One of the best deals we’ve ever gotten was a small fourplex in Grandview, Missouri that was vacant, bank owned and very, very dated. Each unit had these massive aluminum windows in front that made the whole building look just terrible (and horribly energy inefficient to boot). Furthermore, the agent misslisted it and said there was a “special tax” equal to the property taxes when in fact there was not.
This mistake reduced the number of interested buyers in the property (at a time when the market was still very depressed) thus making it easier to acquire. Misslisted REO’s are by no means uncommon so they are definitely something to keep a look out for. For example, I just went to a house that was listed as a 3 bedroom, 1 bathroom home but was actually a 3 bedroom, 2 bathroom house. No homeowner would make a mistake list this, but REO agents are known to. It’s critical to keep an eye out for such mistakes as they can make for great opportunities.
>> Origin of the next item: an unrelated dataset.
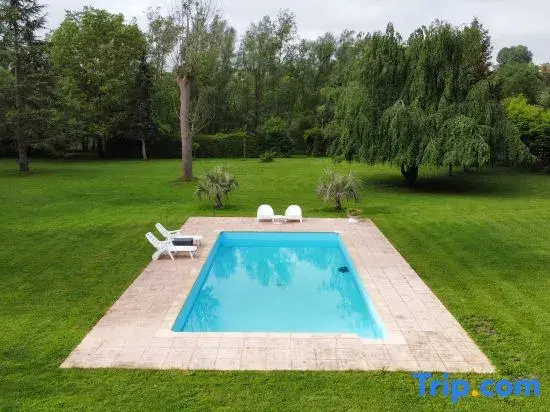 Family apartment by the Marne River   Pool, garden & free parking near Disneyland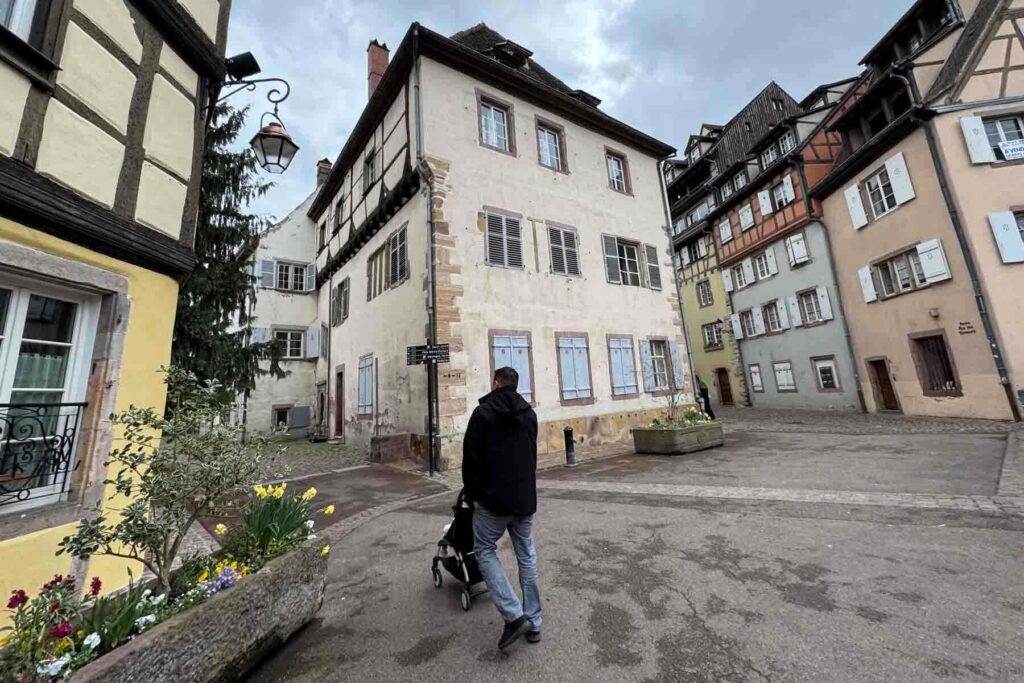 A man pushes a Yoyo stroller through an open courtyard in charming Colmar, France lined with pastel half‑timbered buildings and flower beds.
Given all of this, the property was only listed at a paltry $55,000, or less than $15,000/door. We offered $40,000 and eventually came to terms at $44,000. However, during our due diligence we scoped the sewer lines with Snake and Rooter and found that the line was broken in many different places. Snake and Rooter is very expensive, which actually worked in our favor (at this time, I had no idea how much replacing sewer lines actually costed). They gave me a bid for $9800, which we submitted to the bank along with the video of the broken line.
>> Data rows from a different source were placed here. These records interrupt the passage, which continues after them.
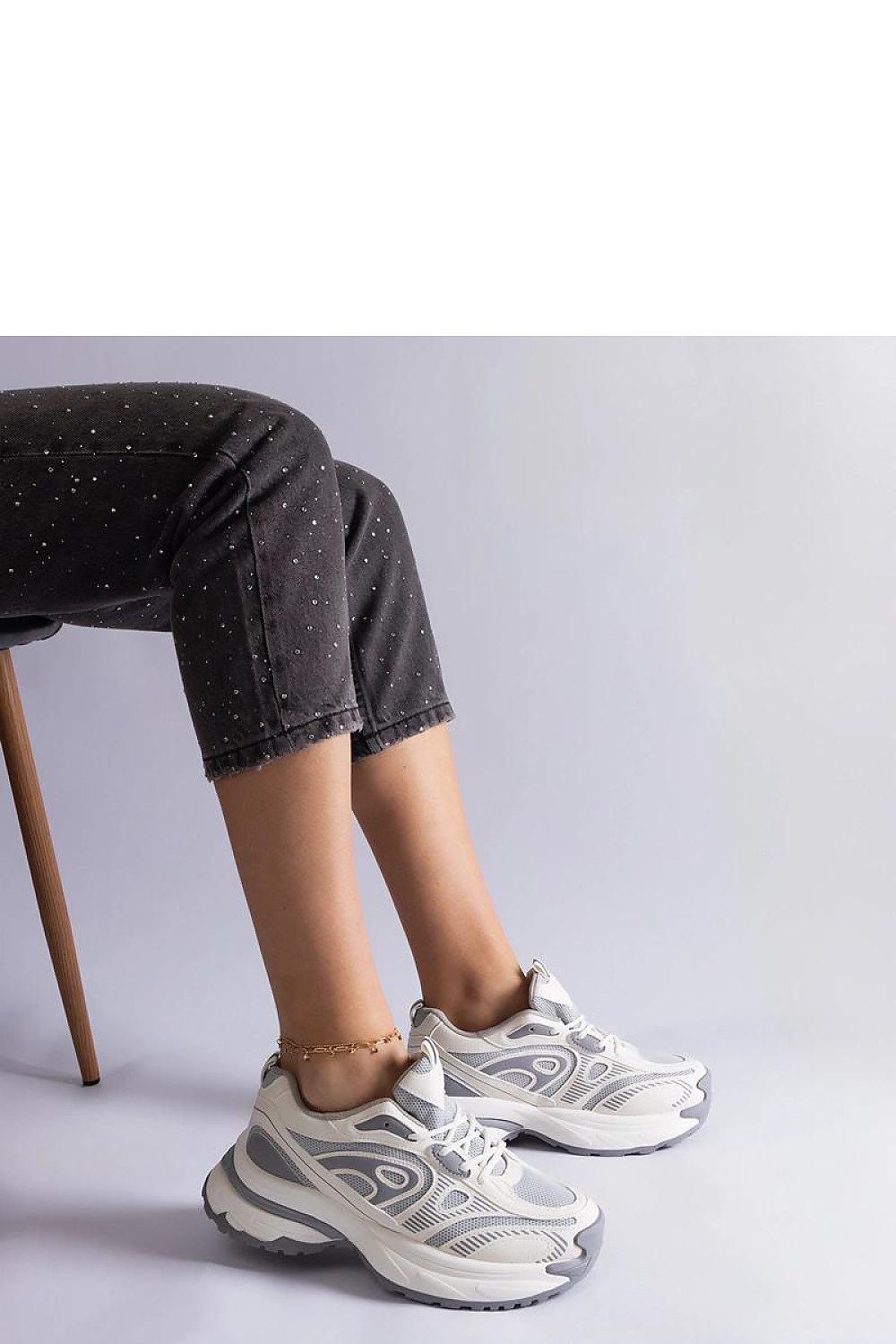 Solea Women's Gray Sports Sneakers showcasing a stylish lace-up design, crafted from elegant synthetic leather for a luxurious feel and comfortable fit.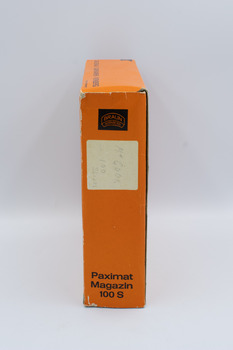 Side view of orange box containing rotary slide magazine with brand name visible and hand-printed label of contents.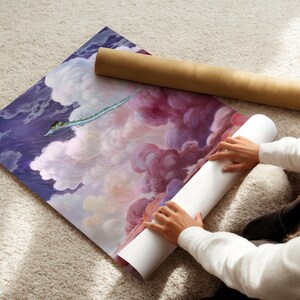 A person is unfolding a large piece of paper with a painting of a colorful, cloud-filled sky on it, which appears to be a large poster or canvas.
We asked for the entire $9800 off expecting them to offer to split it, but instead, the bank dropped their price like a rock from $44,000 to $35,000. It’s hard to complain about that!
Once we purchased the property, I got some more bids on the sewer line and found one a good deal cheaper. The entire remodel cost about $20,000, of which most went to the sewer line and updating those awful windows (as well as cleaning the carpets, new appliances, blinds and touch up paint). Today the property rents out for $450/unit and we pay none of the utilities. It brings in $1800/month for a ridiculous rent/cost ratio of about 3.27% and effective cap rate of about 15. In other words, it’s one of the best deals we’ve ever done or seen for that matter.
Now finally, I should note that retrading is something you should be careful with. You don’t want to get a reputation as a retrader because sellers won’t trust you. Also, some institutions will very rarely or perhaps never renegotiate (Fannie Mae, Freddie Mac and HUD for example). Finally, it’s very questionable ethically to get a property under contract with the intention of trying to alter that contract. But, I think this example does show the importance of 1) investigating parts of the listing that seem questionable (like the special tax) 2) proper due diligence (including scoping the sewers) and 3) a reminder that everything is negotiable. If something unexpected comes up during due diligence, don’t assume you either have to accept it or walk from the deal. Go back to the negotiating table!
The worst they can possibly do is say no.